First of all, I want to make sure we are differentiating between faith and religion. One can have faith in God, or Jesus, or Muhammad, or Santa Clause or the Tooth Fairy, without becoming entangled in an organized, or even disorganized, religion. Faith is simply a belief in something. I would venture to say that a very large majority of people have some form of faith, even without religion.
Religion is the codification of people's beliefs, setting everything down so that all of the members of the religion believe the same things. (I realize that this is a simlplified definition, but it's no less valid.) My quarrel is not with people's faith but with the religions which try to exploit those beliefs.
I have seen many people, struggling to make ends meet, living paycheck to paycheck, but still willing to put that money in the collection plate every week while the preacher is riding around in fancy cars,wearing expensive clothing and telling his flock that if they DON'T put that money in the plate they're going to hell!
History is filled with stories of religious groups killing other religious groups for no other reason than their different beliefs. And it's still going on today, all over the world.

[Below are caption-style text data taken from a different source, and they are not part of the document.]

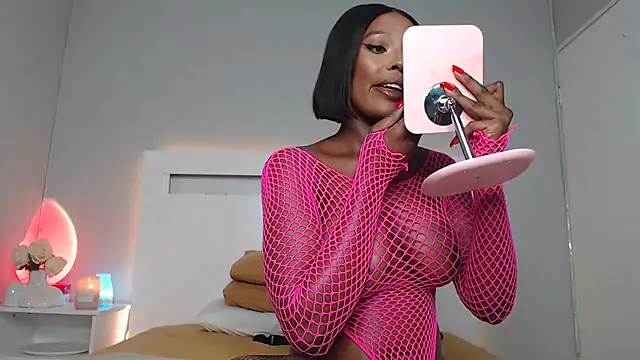 JasminBrown online show from 07-22-26, 07:38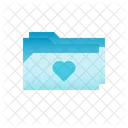 Favoritenordner  Icon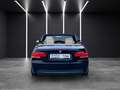 BMW 320 i Cabrio M-Sporpaket~Xenon~SHZ~NavI~Keyless Schwarz - thumbnail 6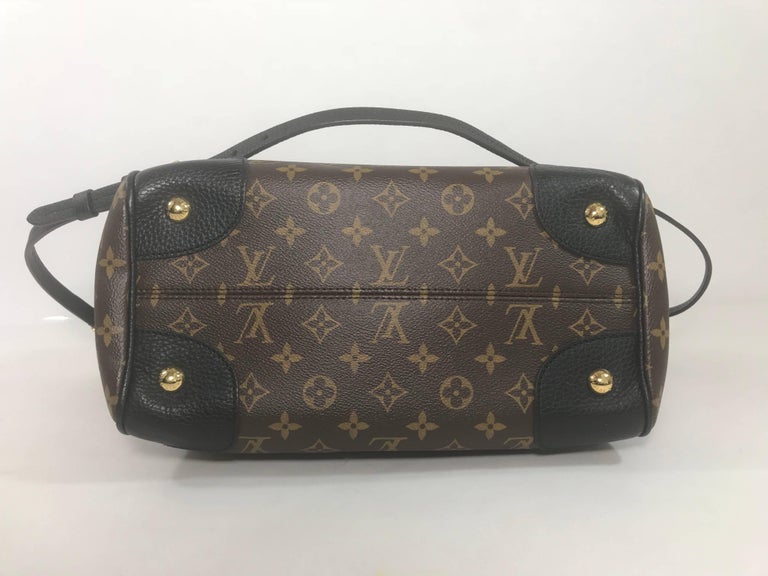 Louis Vuitton Bag With Red Trim | City of Kenmore, Washington
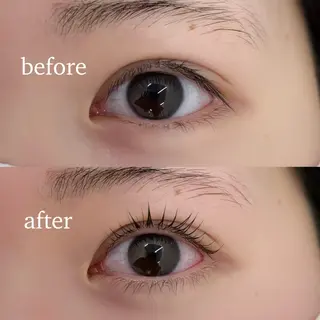 マツエク・マツパ ⭐️enurk⭐️ ひよりのマツエク・マツパデザイン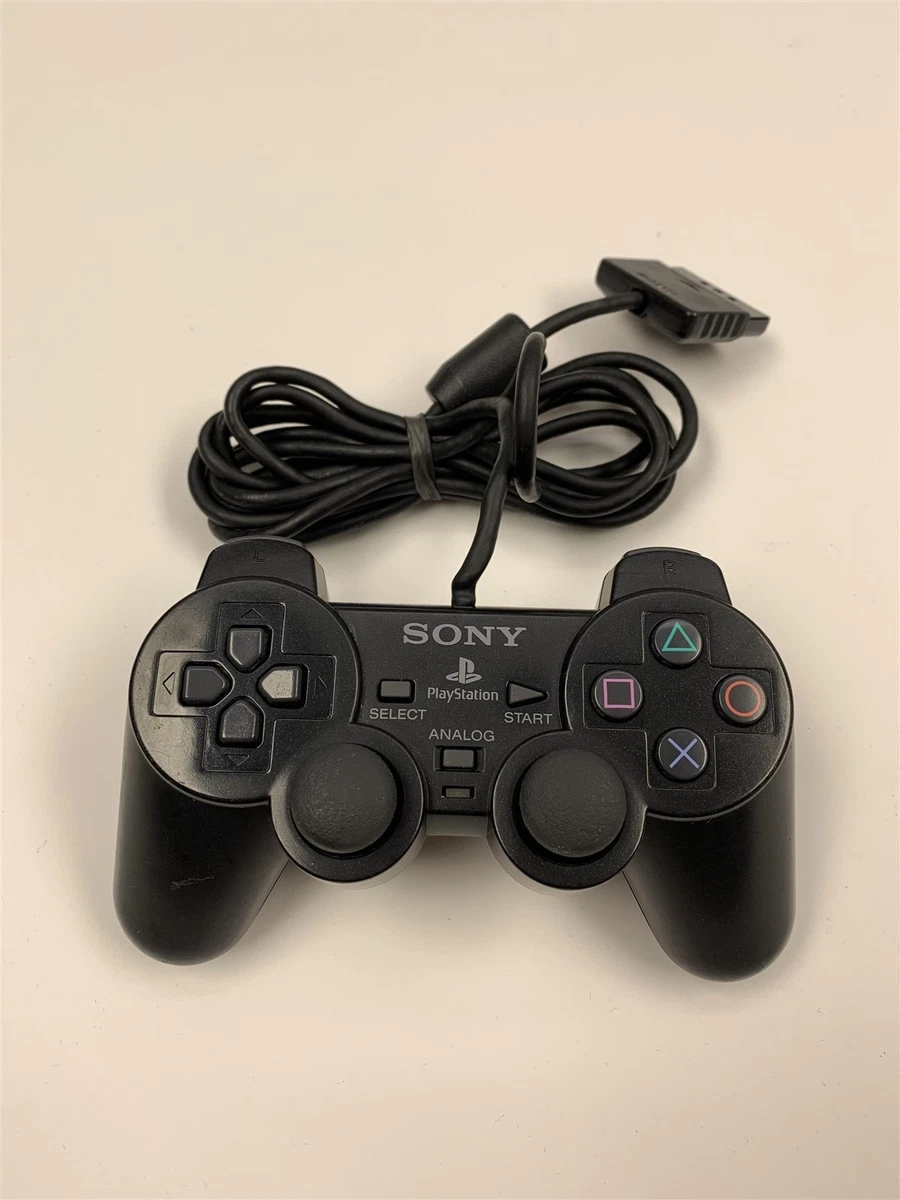 Sony Video Game Controllers for Sony PlayStation 2 for sale | eBay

As far as education is concerned, that doesn't necessarily eliminate the need for faith. But I do think it tends to separate people from the religious groupies. I feel that those with a good education tend to be more tolerant of other's beliefs and less inclined to take the word of a smarmy guy in a $500 suit as gospel.
But the vast majority of people in this world are brought up from infancy being taught a specific belief system. Overcoming that upbringing is very difficult. And, as you say, the need to believe that there is some kind of afterlife, something beyond the mundane world we live in, will always draw people to some form of belief system.